The Familiarity of Music

Mahi Nagar, Honorable Mention
Grade 12
Pleasanton

I was lost in America. At the age of eleven, I had grown accustomed to the normalcy of India and struggled to transition into a culture so different from my own. Trying to maneuver my way through American tradition had left me baffled. The malls were too big, the food too bland, the weather too cold, and the people too foreign. I missed the familiarity of India and the intimidating blur of new faces and fast dialect made me terrified of America.

I persistently felt like an outsider in America. I tried to perfect the way I talked and walked to fit in with the blue eyed twins who giggled every time I sat beside them in biology. I was ashamed of my distinct upbringing, so I tried to emulate the personalities of my classmates. I traded spicy Indian food for a bland peanut butter sandwich instead. I mimicked the dialogues of countless Hollywood movies in order to rid myself of my prominent accent. I renounced all the culture and tradition that I once celebrated with pride. I was changing who I was in order to belong and I was willing to rebel against my character if it meant I could become a part of American society.

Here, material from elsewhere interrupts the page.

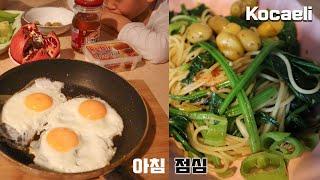  Simple Cook 터키에서 해보는 냉파 , 아침 점심 오늘은 집에서 먹자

There were times when my eyes would well up with tears from the stress of having to constantly monitor my behavior. My unhappiness made me cold and distant, and my parents noticed the dark bubble that had engulfed my personality. My father believed I needed to reconnect with music to break out of my misery and insisted that I accompany him to his music school. I had always wrinkled my nose at his request, but he kept insisting until I reluctantly agreed. My distaste, however, turned into amazement as soon as the powerful ragas sang by my father’s students transformed the cold, white walls of the studio into an atmosphere that breathed pure energy. The windows shook as the energy of the room expanded and contracted to match the rhythmical tune of the raga. My feet felt the the ground rumble with each musical note sung and for the first time in months, I felt like I belonged.

Music returned to me what popularity or acceptance could not: my identity. Listening to those ragas destroyed all my previous attempts of trying to withdraw from India. They reminded me of my grandfather and his aged hands travelling across the keys of his harmonium. They were those hot Indian summer nights spent singing with my aunt on her roof. They made me nostalgic for the hours I spent as a child learning to sing the seven basic notes of music. Classical Indian music is my culture and I realized that renouncing it would mean erasing all those beautiful memories. How could I reject India when its music was the only thing that made me belong in a country thousands of miles away?